Diane left the house without having met Gabriel, and half an hour later she was safely in her apartments at the Louvre. But if she had no reason to feel disturbed at the result of the hazardous step she had taken, her anguish and dread on the subject of Gabriel's unknown designs were even greater than before.
The forebodings of a woman's loving heart are apt to be only too accurate forecasts of the future.
Gabriel did not return home until the day was well advanced. The heat was intense, and he was wearied in body and mind.
But when Aloyse uttered Diane's name and told of her visit, he stood erect with new life, his chest heaving and his heart throbbing.
"What did she want? What did she say? What did she do? Oh, why was I not here? Come, tell me everything, Aloyse,—every word, every movement."
He took his turn at questioning the nurse, hardly giving her time to reply.
"She wants to see me?" he cried. "She has something to say to me? And she doesn't know when she may be able to come again? Oh, Aloyse, Aloyse, I cannot wait in such uncertainty! surely you can see that. I shall go to the Louvre at once."
"To the Louvre! Oh, Heaven preserve us!" ejaculated Aloyse, in terror.
"Yes, to be sure," replied Gabriel, calmly. "I am not banished from the Louvre, so far as I know; and the man who had the honor of restoring Madame de Castro to liberty at Calais surely has the right to pay his respects to her in Paris."
"Of course," said Aloyse, trembling like a leaf; "but Madame de Castro was very particular to say that you were not to come to the Louvre to see her."
"Have I anything to fear there?" said Gabriel, proudly. "That would be one reason more for me to go."
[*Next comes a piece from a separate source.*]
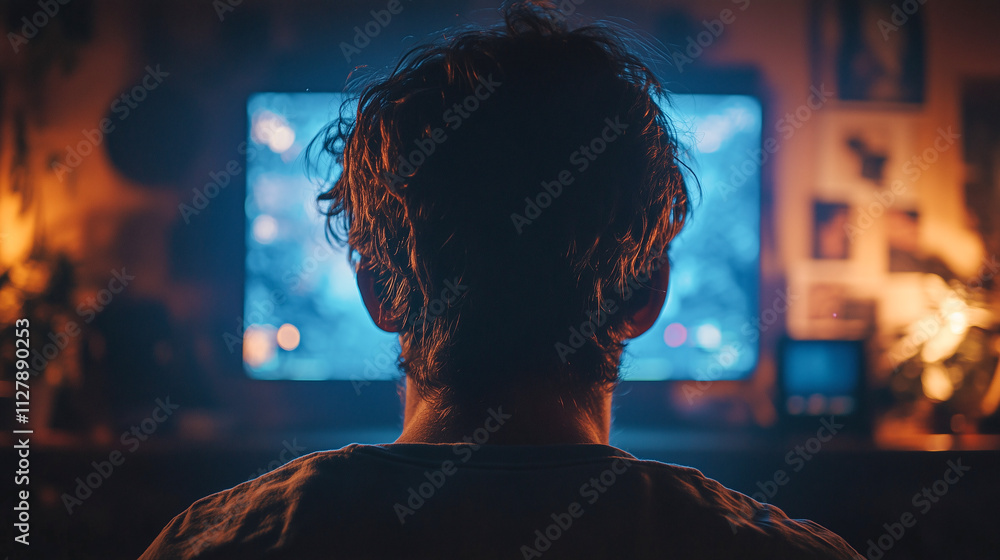 gamer focused on playing video games with a glowing screen in a dark room, immersive atmosphere gamer focused on playing video games with a glowing screen in a dark room, immersive atmosphere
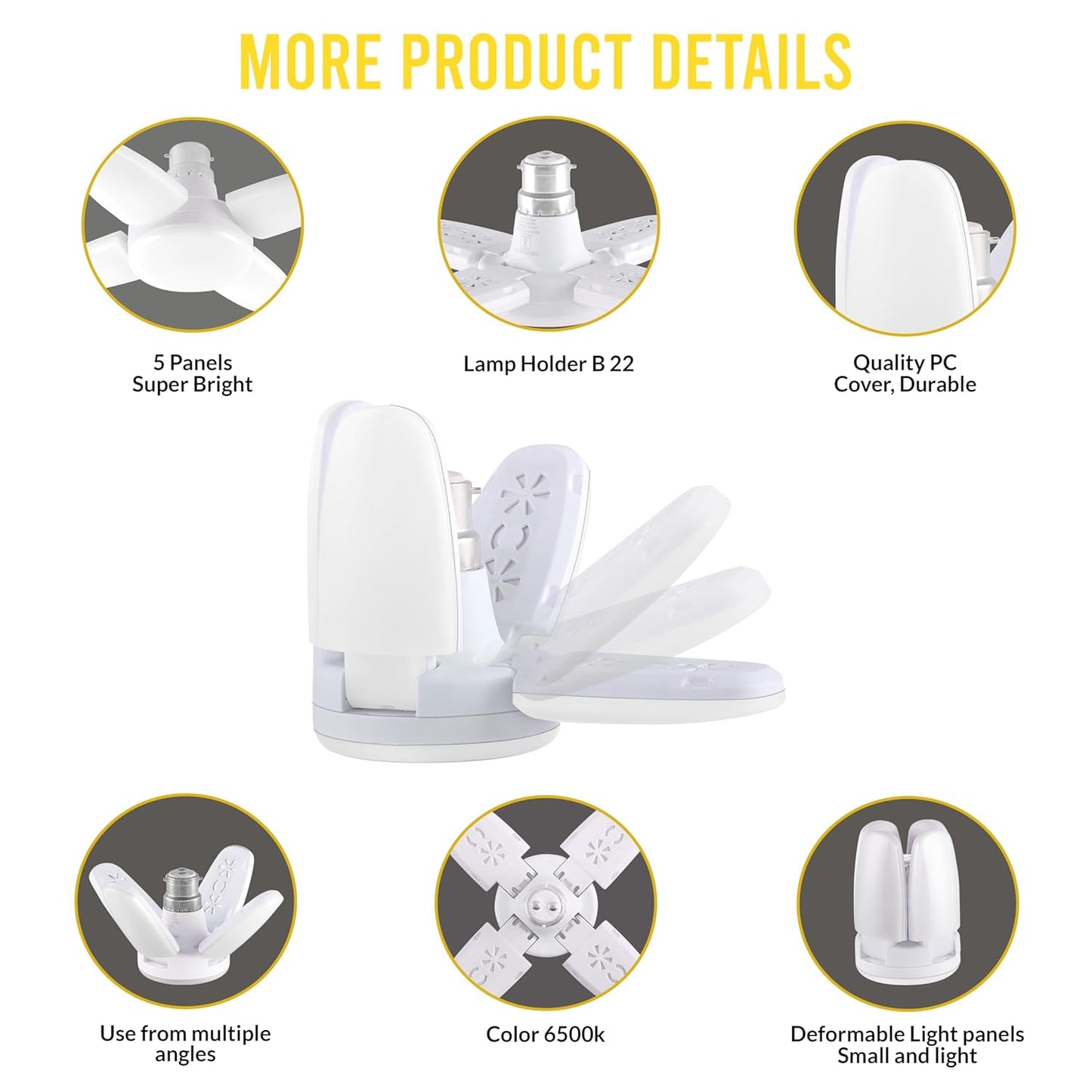White 7878 Charkee 25W LED bulb with foldable fan blade, 4-leaf design, adjustable ceiling light for home use.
"No," replied the nurse; "it was probably on her own account that Madame de Castro feared your coming."
"Her reputation would suffer much more from a secret and surreptitious action, if discovered, than from a public visit in broad daylight, such as I propose to pay,—such as I will pay her to-day, at this moment.”
He called for a servant to bring him a change of clothes.
"But, Monseigneur," said poor Aloyse, at the end of her arguments, "Madame de Castro herself has remarked that you have shunned the Louvre hitherto. You have not thought best to go there once since your return."
"I have not been to see Madame de Castro because she has not summoned me," said Gabriel. "I have avoided the Louvre because I had no reason to go there; but to-day a feeling that I cannot resist urges me to go (although my action may result in nothing), for Madame de Castro wishes to see me. I have sworn, Aloyse, to allow my own will to slumber, and to leave everything to God and my destiny, and I am going to the Louvre at once."
Thus Diane's step bade fair to produce the opposite effect from that contemplated by her.